For a while, as my thinking went, I thought that consumer technology could not have a high environmental effectiveness. Much of our technology–video games, TV and computer screens–has the effect of isolating us from each other and so may not enhance our lives in the long run.
And I’ve argued about this with Natalie Jeremijenko, the NYU professor whom we’ve met on this blog before and whom I’m helping to teach a course. She always said that technology in itself was not bad for life enhancement, but that it depended on how it “structured participation.”
Her point was that tech could be built to bring people together and promote community and relationship depending how the “participation was structured” (remember I told you to remember that phrase?). In other words, tech could, in fact, have a high life enhancement and therefore a high, by my definition above, environmental effectiveness.
Now watch the video above. It is this wonderful animation, put together by Natalie, that finally convinced me of her argument. It is based on her studies of how people interact in an art gallery, depending on whether the gallery provides information about the art using text, private ear phones, or a push button loudspeaker.
The video shows three cases. As Natalie writes (slightly adapted by me) on her Vimeo page:
The first case demonstrates the traditional public display of text on museum wall, which, because of the social convention of quiet-while-some-one-is-reading, you can be standing next to someone, but not talk to them and never hear anything of what they are thinking.

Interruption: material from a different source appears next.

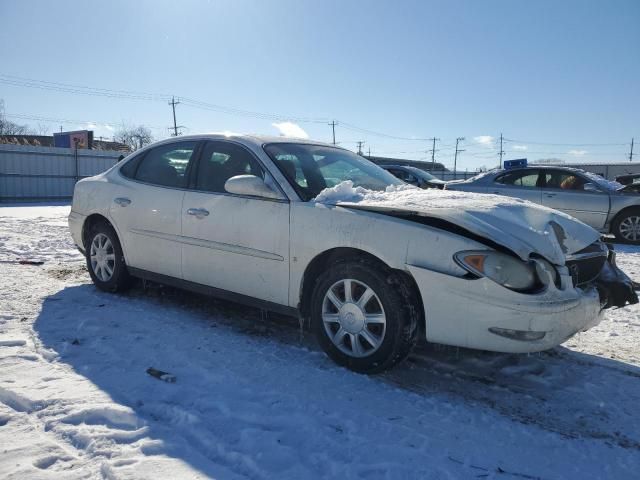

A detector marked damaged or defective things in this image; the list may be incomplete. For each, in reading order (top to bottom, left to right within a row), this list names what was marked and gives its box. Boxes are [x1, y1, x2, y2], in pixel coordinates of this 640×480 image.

damaged front end [592, 244, 636, 308]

In the second case, we see the curatorial information is presented as an audio tour via a privatized audio environment via headset (or similar). This has the effect of synchronizing people temporally, but precludes local discussion–you can’t hear what anyone nearby is saying.
In the third case the curatorial information is presented via a deliberately triggered loudspeaker. This creates a shared audio context for a small group, momentarily synchronizing people spatially and temporally, and providing an opportunity for local comments and discussion.

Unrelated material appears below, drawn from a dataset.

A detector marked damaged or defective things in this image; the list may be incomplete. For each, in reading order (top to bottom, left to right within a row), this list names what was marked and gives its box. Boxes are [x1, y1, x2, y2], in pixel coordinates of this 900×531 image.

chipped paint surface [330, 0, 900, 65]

In the Video Interaction study from which this animation is drawn, the amount of convivial interaction surrounding the speakers was remarkable. If there were other people at an exhibition you were very unlikely not to talk to them (3 in 400 cases); you stayed longer at a works with speakers than the same work without, but the length of time you allocated varied with the number of people who were also there. That is, you stayed longer if there were 4 people other people than if there were 1, as if they were valuable sources of information.
There are two important points here.
One is that the technology–and indeed many of our cultural systems–can be used to pull people apart or draw them together. In other words, we can use resources effectively to enhance life or we can simply use them to make a profit on selling gadgets, regardless of their social effects.

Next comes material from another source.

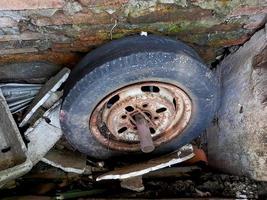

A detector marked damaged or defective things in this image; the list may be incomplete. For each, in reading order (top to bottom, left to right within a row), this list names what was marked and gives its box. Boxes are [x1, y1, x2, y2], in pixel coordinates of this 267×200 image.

rusty wheel rim [90, 81, 193, 152]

And it seems to me that, using the equation above as a guide to effectiveness, the responsible product designer, with an interest in sustainability, would ensure that his/her designs have the effect of at least delivering high life quality in return for the resources used.
But there is one more point to be made from Natalie’s study–what we talk about nonstop here on this blog. It’s a question, as she puts it, of how we “structure participation” in responses to the environmental emergency.
How do we structure our communication, our organizations, and our efforts in such a way that they don’t act like the private headsets that set our efforts apart but like the shared speakers that bring them together.
How do we find ways that get people talking and inspiring further efforts? How do we get people to take part in our democracy?
That, as Natalie might put it, all depends on how we “structure participation.”